Your mileage will vary, but I basically do this with kotlin and docker in Windows 10 with Intellij ultimate. I transitioned that project from linux a few months back and other than some gradle fuckery and changing accomodating docker's general Windows/Linux differences it with was surprisingly painless. Just make sure you have Windows 10 pro because home doesn't support the virtualization needed for docker.

DrPossum
May 15, 2004

i am not a surgeon

suffix posted:

lead javascript guy thinks http redirects is something programmers havee to write code to manually handle because apparently the node stack is just that broken?

i gis'd "lead javascript guy" and this is what i got

CPColin
Sep 9, 2003

Big ol' smile.
Turn your webcam off

Soricidus
Oct 21, 2010
freedom-hating statist shill

Nomnom Cookie posted:

or use a big boy language like java that supports threads and types and has sophisticated concurrent data structures. this shits not hard devs just gotta reinvent that wheel

you can even compile it into a single self contained binary these days with graalvm. or run it straight from the source code like a plang if you’re allergic to compilers. java good

Private Speech
Mar 30, 2011

I HAVE EVEN MORE WORTHLESS BEANIE BABIES IN MY COLLECTION THAN I HAVE WORTHLESS POSTS IN THE BEANIE BABY THREAD YET I STILL HAVE THE TEMERITY TO CRITICIZE OTHERS' COLLECTIONS

IF YOU SEE ME TALKING ABOUT BEANIE BABIES, PLEASE TELL ME TO

EAT. SHIT.


Soricidus posted:

you can even compile it into a single self contained binary these days with graalvm. or run it straight from the source code like a plang if you’re allergic to compilers. java good

when you think about it even (visual/CLI) c++ can be a plang imhbo*

*in my humble butt opinion

Powerful Two-Hander
Mar 10, 2004

Mods please change my name to "Tooter Skeleton" TIA.


yeah Blazor is not quite there yet I don't think.

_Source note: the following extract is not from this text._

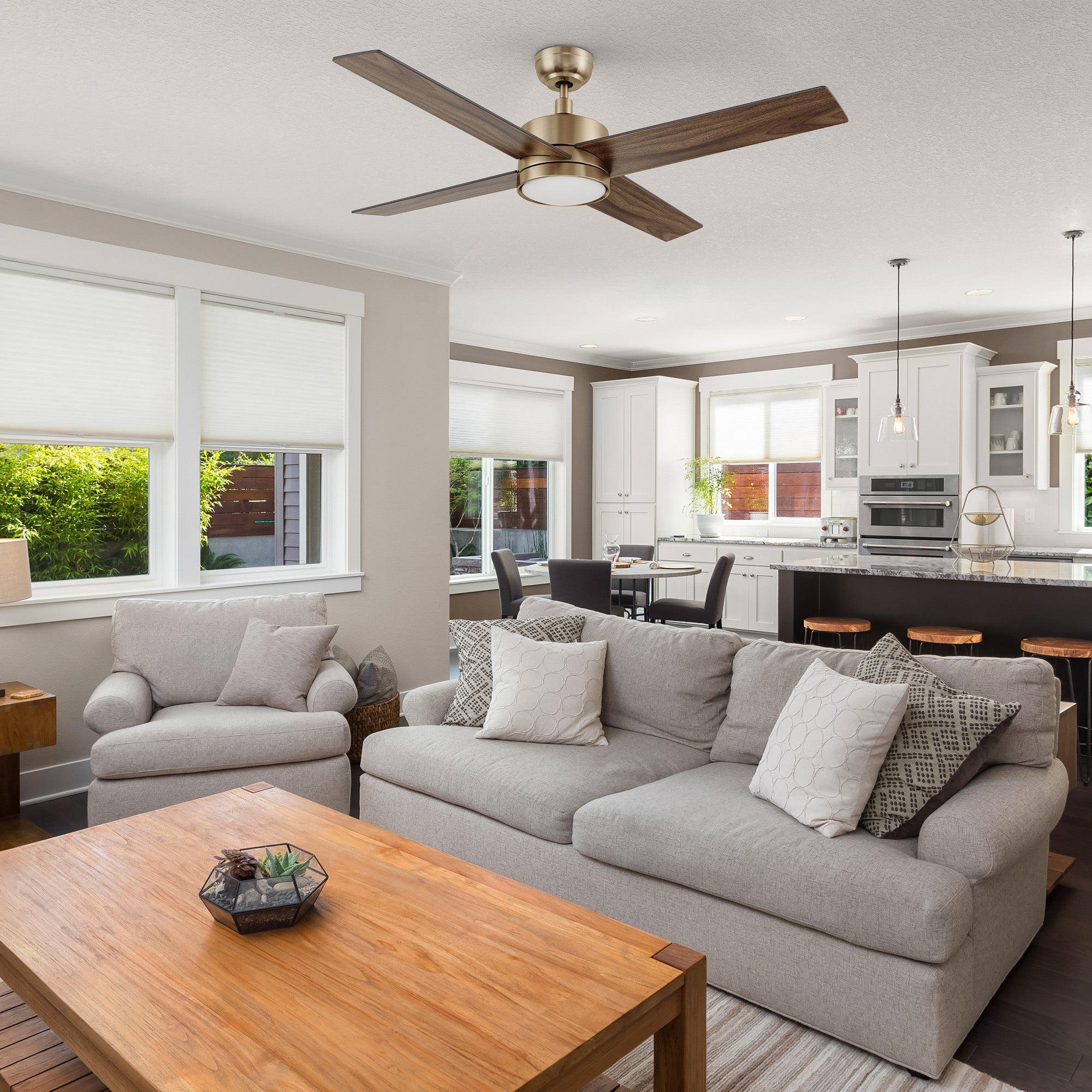 Modern living room featuring the Carro Smafan Rossendale 52-inch ceiling fan with LED light in a brushed gold finish.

It'll be cool if it does a take off a bit more though because a big pain point with c# mvc is having to glue poo poo together with bits of javascript if you're doing anything dynamic like adding elements to a list in a form on click, and while it's not hard (and the partial view engine and some extensions to how collections are managed make it way easier), it's like laying a trap for yourself when you change a class structure and then gently caress a view you forgot about.

when I tried using it it was really good for this because you basically just add a new element to your base list and the framework auto renders a new element or whatever, but the handling of nested objects was loving horrible with loads of passing of functions around up and down all with the wonderful "lol no compiler warnings until you run and get a stack barf" weakness of cshtml and the bonus of not being able to make changes without restarting like you could with razor

abraham linksys
Sep 6, 2010

:darksouls:

DrPossum posted:

Your mileage will vary, but I basically do this with kotlin and docker in Windows 10 with Intellij ultimate. I transitioned that project from linux a few months back and other than some gradle fuckery and changing accomodating docker's general Windows/Linux differences it with was surprisingly painless. Just make sure you have Windows 10 pro because home doesn't support the virtualization needed for docker.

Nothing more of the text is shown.